No, You Won’t Go To Jail for Just Visiting a Blocked Website
- No, you won’t go to jail for just visiting a blocked website
- The warning is related to a case for blocking piracy of the film Dishoom
- Downloading or streaming movies through piracy is still illegal
Recent reports in the media – there were dozens in the last 24 hours – have suggested that visiting a blocked website could leave you facing a fine of Rs. 3 lakh, or even land you in jail. Before you start worrying that you’re going to jail for that time you used a proxy site or a VPN to open a torrent site, here’s what you need to know.
“Visiting any website, even if it is a blocked site is not illegal either under the provisions of the Copyright Act,1957 or the Information Technology Act, 2000,” says Prasanth Sugathan, Counsel at the Software Freedom Law Centre India, a registered society that works on the intersections of law and technology. “The only exception could be if a person views child pornography.”
So what prompted the reports?

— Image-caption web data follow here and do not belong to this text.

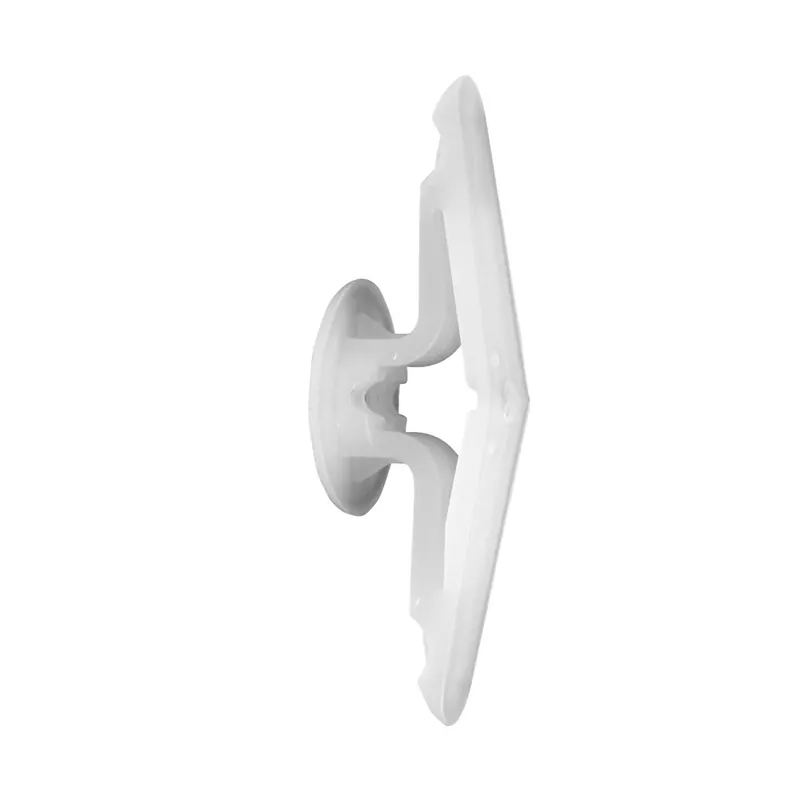 TOGGLER HOLLEWAND PLUG TC ~ 6ST.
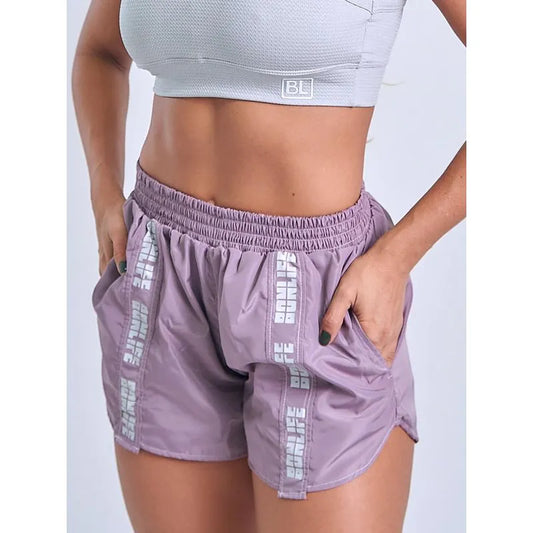 Harmony Shorts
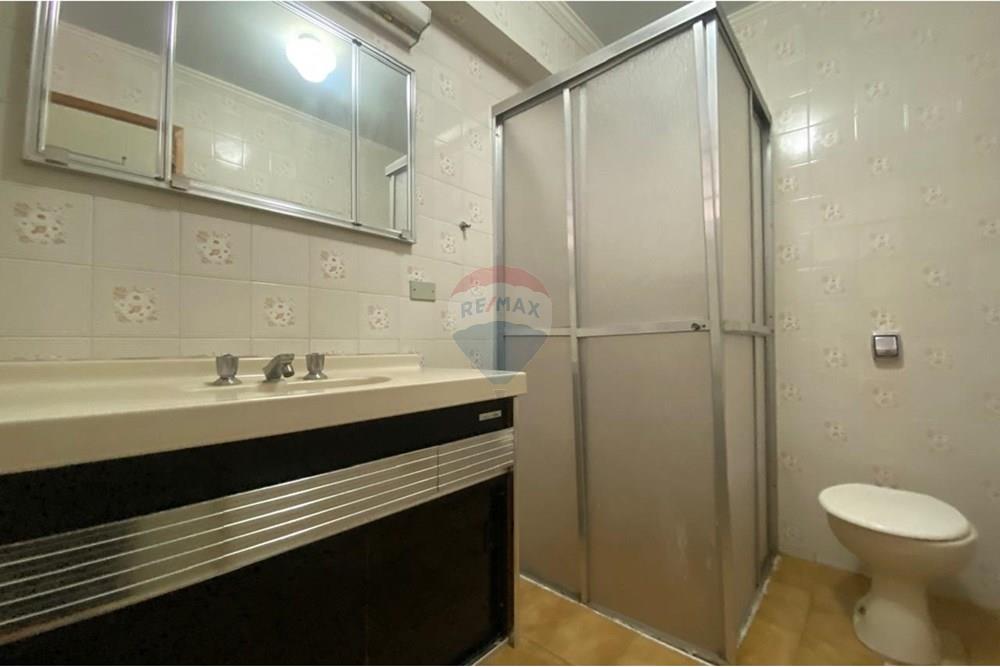 Casa Comercial - Alugar - Piracicaba , São Paulo - f2e6f6c4-d70c-47bc-8845-a0a2c794ba96.jpg - 690781105-36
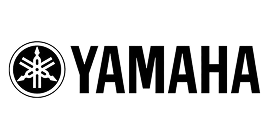 Yamaha Logo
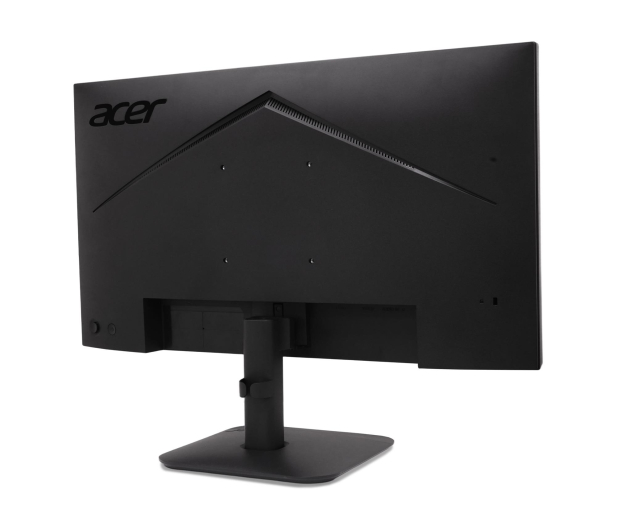 Acer KA242YP6bip - 1527834 - zdjęcie 7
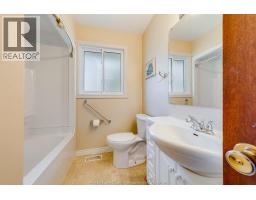 127 COVERDALE STREET - 13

Certain websites are being blocked under the John Doe orders from a court to prevent copyright infringement. That is a law just about every Indian film studio leans on around the time of major releases is well known so we won’t rehash the details, but an order from the Bombay High Court, reported four days ago by IP law publication SpicyIP, deals with an application on behalf of the film Dishoom.
The court ruled in the case that instead of the standard message that simply says the website is being blocked, ISPs should deliver a special message with information about the provisions of the copyright act, and the order in question, with the suit number.
This would have the effect of allowing people to look up why a page was being blocked – if pages are being indiscriminately blocked because a movie studio wants to do so, shouldn’t the people be aware of the reason for the block?
However, Tata responded to the court that this individual messaging would not be technologically feasible. The court notes that it did not see why the order was technologically unfeasible, and that Tata was the only ISP to say so. As a result of this pushback, in point 4 of the order, the court agreed to a compromise with Tata, with the message that was seen and led to the media reports. Point 5 of the order gives us the text of the warning Tata is displaying – which the court ordered only for Tata. This also explains why none of the other ISPs are displaying this message.
This URL has been blocked under the instructions of the Competent Government Authority or in compliance with the orders of a Court of competent jurisdiction. Viewing, downloading, exhibiting or duplicating an illicit copy of the contents under this URL is punishable as an offence under the laws of India, including but not limited to under Sections 63, 63-A, 65 and 65-A of the Copyright Act, 1957 which prescribe imprisonment for 3 years and also fine of upto Rs. 3,00,000/-. Any person aggrieved by any such blocking of this URL may contact at firstname.lastname@example.org who will, within 48 hours, provide you the details of relevant proceedings under which you can approach the relevant High Court or Authority for redressal of your grievance.
With the context in mind, if we look at the message again, you can see that the warning is about illegal viewing of the copyrighted materials – simply viewing the URL where the pirated content is hosted will not send you to jail. With that said, could you go to jail for downloading a movie? Yes, possibly. It’s worth noting that there’s no new law or ruling that’s at play here – it’s a standard warning about piracy, under rules that have been around for a long time now.
“Torrent sites are often used to share free and open source software and literary and artistic work licensed under Creative Commons licenses,” Sugathan adds.
You won’t go to jail simply for visiting Palika Bazaar, and you won’t go to jail just for finding a way to view extratorrent. Actually downloading/ streaming something is a different matter – but that’s been illegal in India for a long time now, though it’s a law that’s rarely, if ever, enforced.